Hearing Health Blog

Woman scratching at psoriasis not realizing it can lead to hearing loss.

When you think of psoriasis, you likely think about all those commercials depicted people with skin problems. Psoriasis affects your general health and not only your skin. Psoriasis is frequently misunderstood and minimized, due to a lack of knowledge of how psoriasis impacts sufferers as well as the serious conditions that can be related to this disorder. Psoriasis causes responses throughout the whole body even though skin plaques are the most familiar symptom: Chronic inflammation that can increase the danger of metabolic conditions and cardiovascular disease.

Psoriasis is also connected to another problem according to a different recent study: Hearing loss. Published in The Journal of Rheumatology, The link between hearing impairment, psoriatic arthritis, and mental health were evaluated in this research. Psoriatic arthritis is a form of psoriasis where inflammation is centered near the joints, causing inflammation, difficulty with movement, and discomfort. Sufferers might also have psoriasis, but with psoriatic arthritis, it’s possible to have irritation without also having the common plaques.

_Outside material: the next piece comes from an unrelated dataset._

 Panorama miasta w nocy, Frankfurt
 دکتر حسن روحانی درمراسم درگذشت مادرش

In the same way as with rheumatoid arthritis (and like psoriasis), psoriatic arthritis is an autoimmune illness, the sufferer’s body is essentially targeting its own healthy cells. But psoriatic arthritis varies from rheumatoid arthritis in that it’s often asymmetrical (so you could have it in one knee but not the other), and that aside from joints, it often impacts sufferer’s nails (bringing about painfully swollen fingers and toes) and eyes.

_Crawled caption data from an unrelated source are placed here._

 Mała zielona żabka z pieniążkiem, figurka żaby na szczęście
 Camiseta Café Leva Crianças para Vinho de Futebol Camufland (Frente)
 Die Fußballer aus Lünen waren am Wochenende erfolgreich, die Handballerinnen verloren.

Based on the findings of this recent study, swelling caused by psoriatic arthritis might also affect hearing. The researchers contrasted the self-reported hearing loss of people who suffer from psoriatic arthritis, people who have psoriasis but not psoriatic arthritis, and a significant control group of people who had neither condition. They discovered that hearing impairment was more likely to be reported by the group that suffered from psoriasis, and audiometric testing backed up the self-reports. Even when controlling for other risk elements, psoriatic arthritis sufferers were significantly more prone to have loss of hearing than either {psoriasis sufferers or the control group}.

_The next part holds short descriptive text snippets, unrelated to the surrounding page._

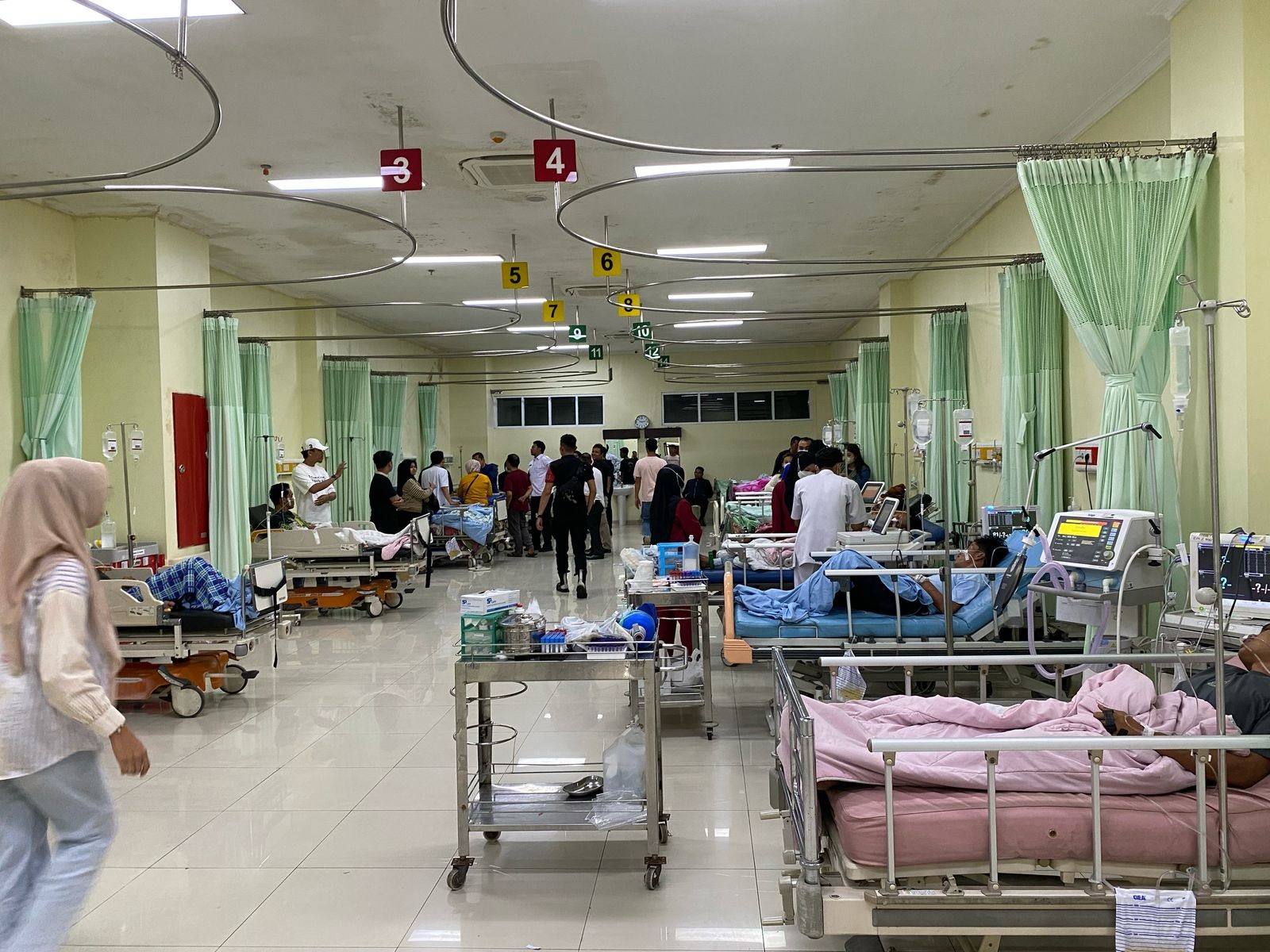 PERAWATAN INTENSIF: Suasana di ruangan RSAM Bukittinggi saat penanganan pasien keracunan dari warga binaan LP Bukittinggi, Rabu malam.(DINA AMRINA FOR PADEK)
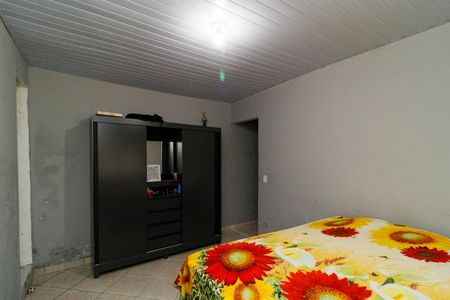 Casa à venda com 180m², 2 quartos e 3 vagasSuíte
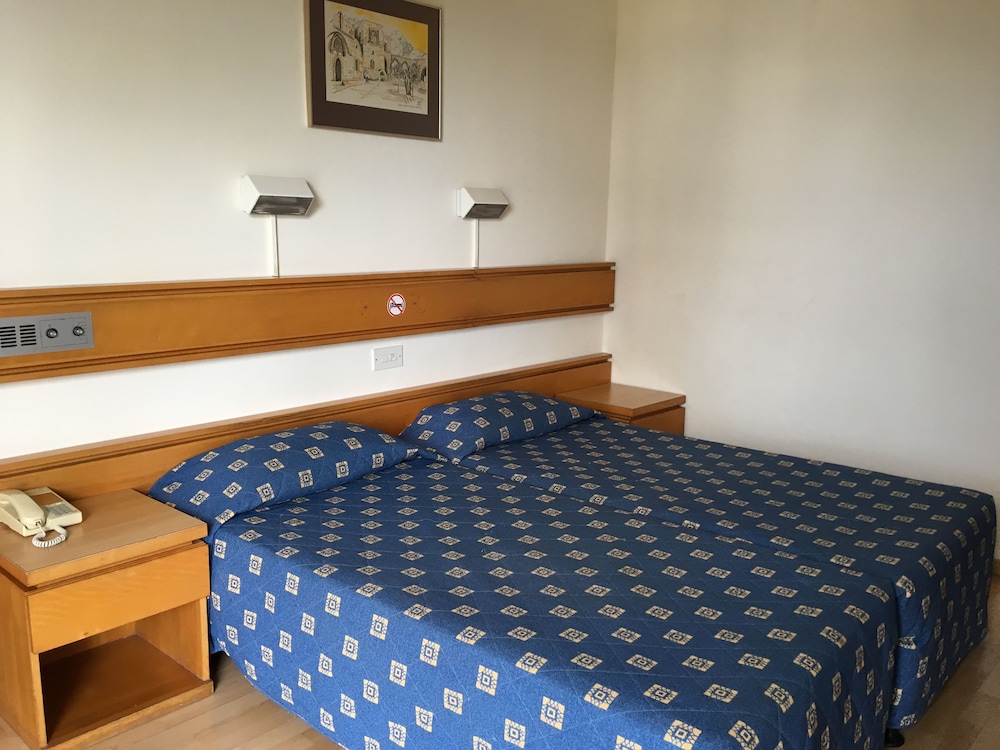 Standard Twin Room, Courtyard View photo 3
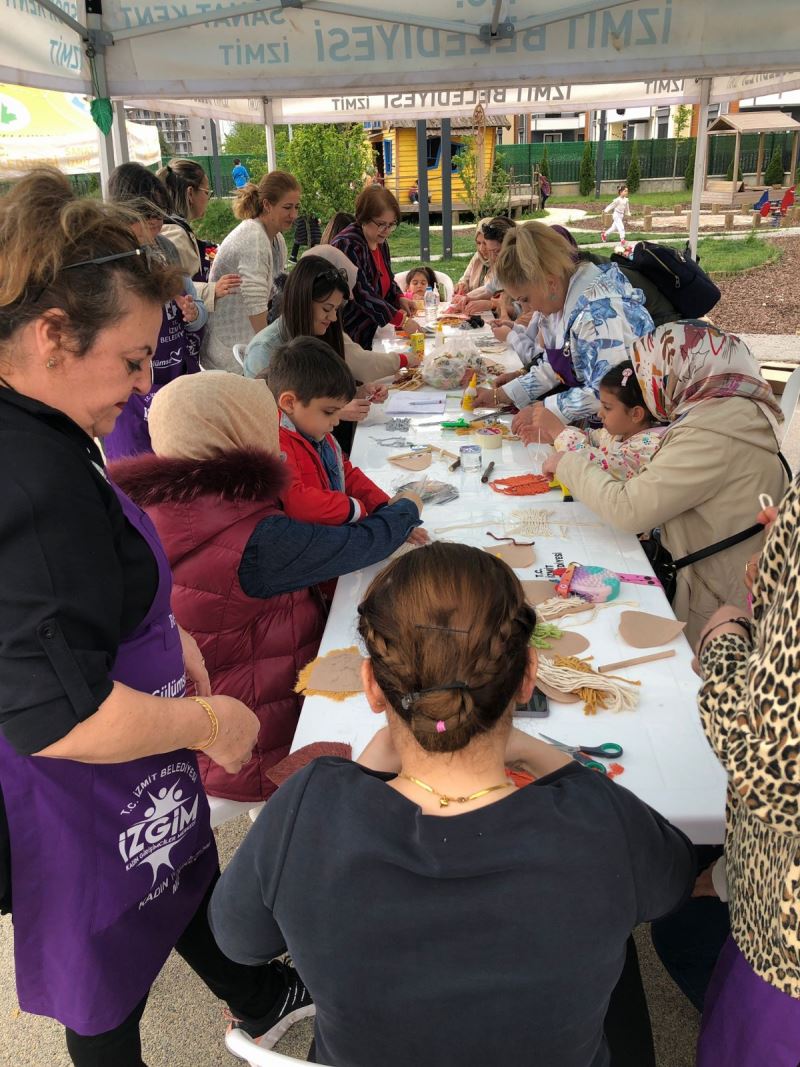 ÇINAR ÇOCUK EVİ’NİN KÜÇÜK ÇINARLARI ANNELERİYLE “ANNE-ÇOCUK” ATÖLYELERİNDE BİR ARAYA GELDİ
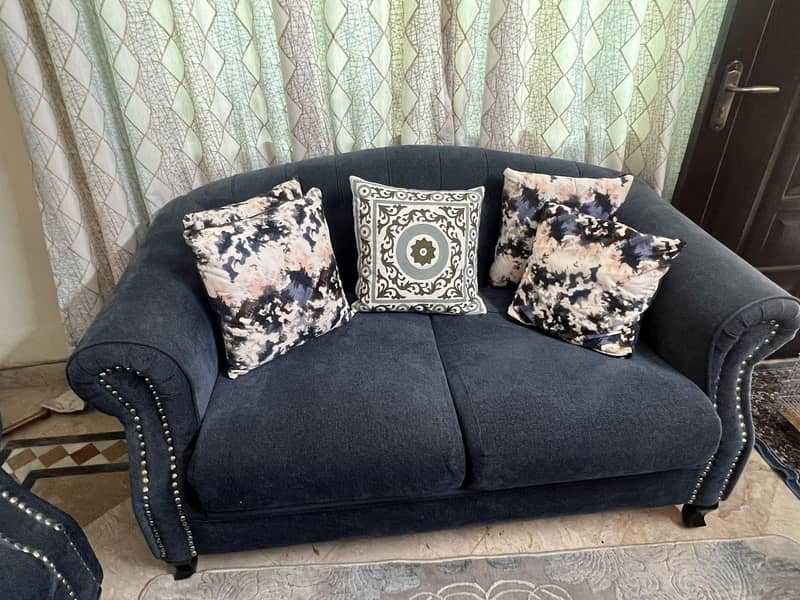 sofa 7 seater pristine condition with table 2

But that’s not to say there’s no connection between psoriasis, psoriatic arthritis and hearing loss. A 2015 study discovered that individuals who have been diagnosed with psoriasis are at a considerably higher risk of getting sudden sensorineural hearing loss, also known as sudden deafness. With sudden sensorineural hearing loss, sufferer’s ability to hear decreases significantly in three days or less. There are many potential causes for this, but experts theorize that individuals with psoriasis are at higher risk due to the type of quick inflammation that happens during a flare-up of psoriasis symptoms. The hearing could be affected if this takes place near or in the cochlea. This type of hearing loss, in certain circumstances, can be aided by treatments that relieve psoriasis., but hearing aids are often recommended when other treatments don’t appear to be helping.

It’s important to keep track of your hearing if you have psoriasis or psoriatic arthritis. Plan your annual healthcare appointment along with normal hearing exams. The inflammation due to these diseases can lead to inner ear injury, which can lead to hearing loss as well as issues with balance. psoriatic arthritis and psoriasis are both also connected with depression and anxiety, which can both aggravated hearing loss. Other health issues, including dementia, can be the result if you don’t detect loss of hearing early.

Awareness is key, and cooperating with your doctors and periodically having your hearing checked can assist you in keeping ahead of symptoms with timely intervention. You shouldn’t have to compromise your standard of living for psoriasis or for hearing loss, and having the right team on your side can make a huge difference.

The site information is for educational and informational purposes only and does not constitute medical advice. To receive personalized advice or treatment, schedule an appointment.